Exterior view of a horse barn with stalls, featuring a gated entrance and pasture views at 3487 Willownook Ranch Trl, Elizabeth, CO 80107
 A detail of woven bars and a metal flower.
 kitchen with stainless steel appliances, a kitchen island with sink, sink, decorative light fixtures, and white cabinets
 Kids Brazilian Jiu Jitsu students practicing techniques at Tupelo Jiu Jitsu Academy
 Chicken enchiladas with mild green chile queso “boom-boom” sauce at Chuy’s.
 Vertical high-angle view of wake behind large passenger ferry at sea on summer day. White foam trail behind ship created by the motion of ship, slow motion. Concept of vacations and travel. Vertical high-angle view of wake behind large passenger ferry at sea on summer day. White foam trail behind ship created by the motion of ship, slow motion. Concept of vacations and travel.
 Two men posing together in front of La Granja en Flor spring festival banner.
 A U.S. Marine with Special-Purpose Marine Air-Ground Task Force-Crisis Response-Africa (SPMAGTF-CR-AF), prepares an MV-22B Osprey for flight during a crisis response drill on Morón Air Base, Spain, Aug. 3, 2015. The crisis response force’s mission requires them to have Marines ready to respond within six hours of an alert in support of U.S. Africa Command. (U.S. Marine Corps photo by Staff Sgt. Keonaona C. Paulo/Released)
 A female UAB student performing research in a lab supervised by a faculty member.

::::

Task instructions -
Retype the material word for word. Add nothing to it.

Task output -
Exterior view of a horse barn with stalls, featuring a gated entrance and pasture views at 3487 Willownook Ranch Trl, Elizabeth, CO 80107
 A detail of woven bars and a metal flower.
 kitchen with stainless steel appliances, a kitchen island with sink, sink, decorative light fixtures, and white cabinets
 Kids Brazilian Jiu Jitsu students practicing techniques at Tupelo Jiu Jitsu Academy
 Chicken enchiladas with mild green chile queso “boom-boom” sauce at Chuy’s.
 Vertical high-angle view of wake behind large passenger ferry at sea on summer day. White foam trail behind ship created by the motion of ship, slow motion. Concept of vacations and travel. Vertical high-angle view of wake behind large passenger ferry at sea on summer day. White foam trail behind ship created by the motion of ship, slow motion. Concept of vacations and travel.
 Two men posing together in front of La Granja en Flor spring festival banner.
 A U.S. Marine with Special-Purpose Marine Air-Ground Task Force-Crisis Response-Africa (SPMAGTF-CR-AF), prepares an MV-22B Osprey for flight during a crisis response drill on Morón Air Base, Spain, Aug. 3, 2015. The crisis response force’s mission requires them to have Marines ready to respond within six hours of an alert in support of U.S. Africa Command. (U.S. Marine Corps photo by Staff Sgt. Keonaona C. Paulo/Released)
 A female UAB student performing research in a lab supervised by a faculty member.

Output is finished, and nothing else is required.